→ **What you have to do**: Only the lines from the start of the data through the line containing "Södertäljes Carter Souch jublar" should be written out, exactly as they are, with both ends included and the pictures left out.

● ● ● ●

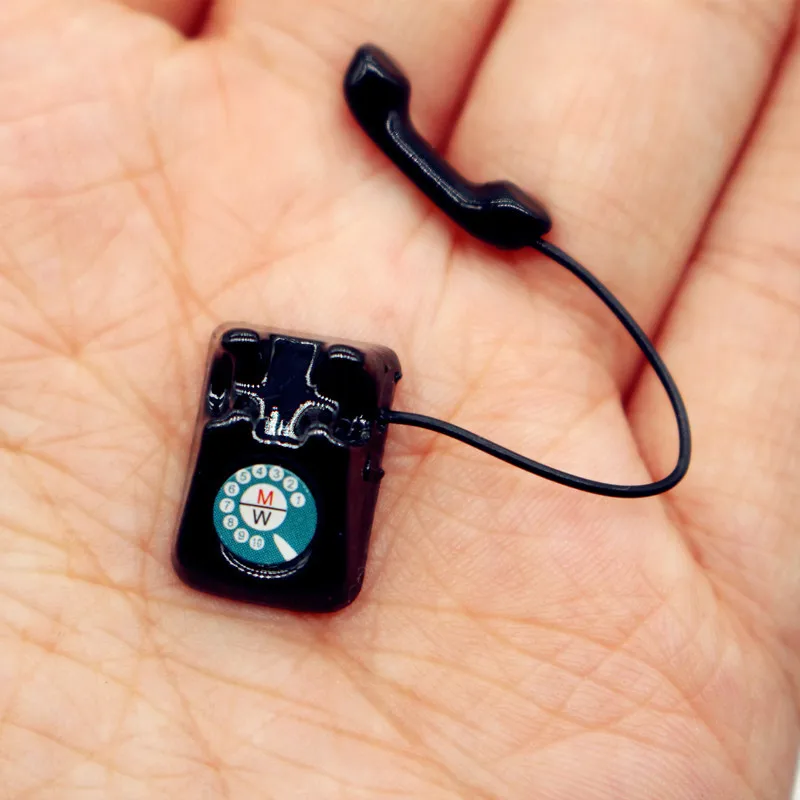 

Mini Retro Alloy Telephone Model Bedroom Telephone Newspaper Scene Dollhouse Miniature Scale Simulation Decoration Home Decor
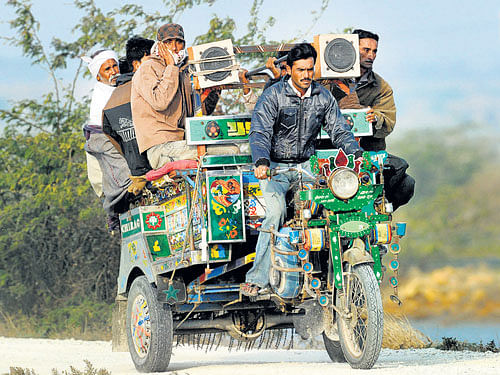 'Jugaad' is an efficientmode of transport inmost parts of India. PHOTO BY RAMUM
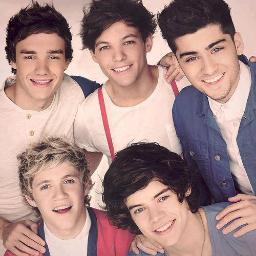 Holooos!! amo a one direction Son mi vidaa!!! soy directioner *0* !!!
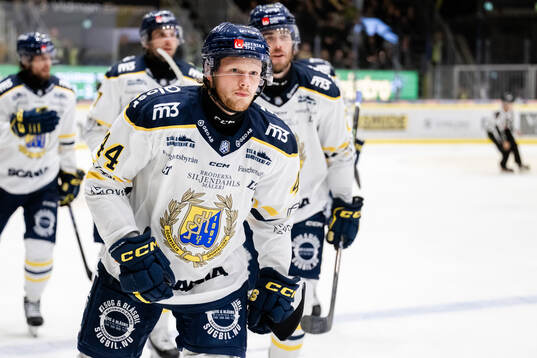 Södertäljes Carter Souch jublar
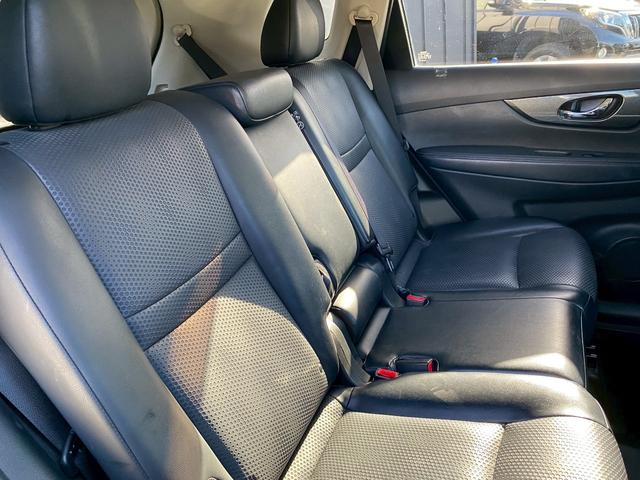 エクストレイル 20XブラクエクストリーマXエマージェンシブレーキP 純正8インチSDナビ フルセグ地デジTV ブルートゥース バックカメラ ビルトインETC カブロンシート シートヒーター 7人乗り エマージェンシーブレーキ アイドリングストップ LEDヘッドライト(38枚目)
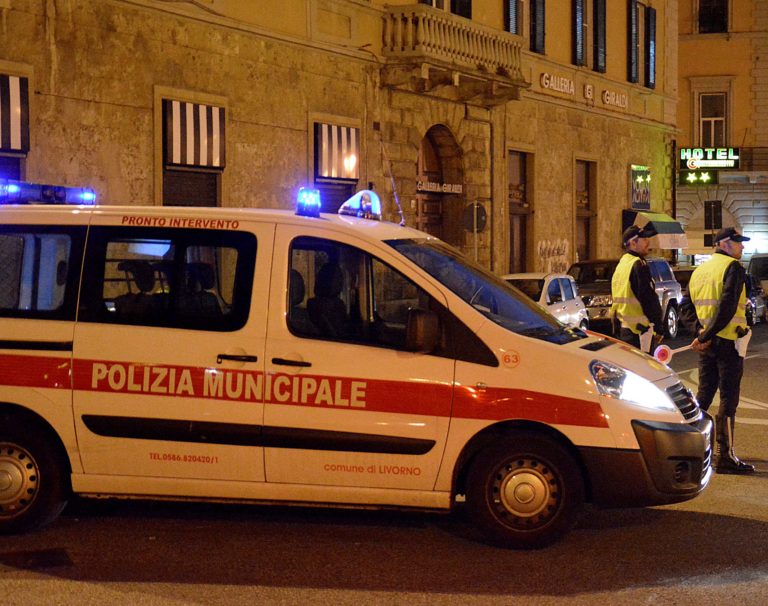 Livorno decine di controlli della polizia municipale in piazza della Repubblica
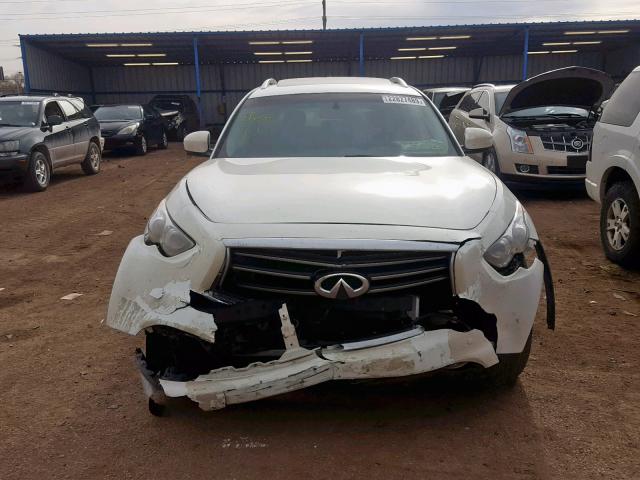 JN8CS1MW0EM413200 - 2014 INFINITI QX70 WHITE photo 9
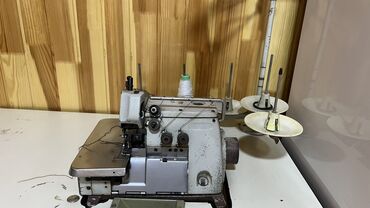 Tikiş maşınları: Sənaye overlok tikiş maşını və komple masası - 3/4 iplikli overlok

● ● ● ●

→ **Task output**:
Mini Retro Alloy Telephone Model Bedroom Telephone Newspaper Scene Dollhouse Miniature Scale Simulation Decoration Home Decor
 'Jugaad' is an efficientmode of transport inmost parts of India. PHOTO BY RAMUM
 Holooos!! amo a one direction Son mi vidaa!!! soy directioner *0* !!!
 Södertäljes Carter Souch jublar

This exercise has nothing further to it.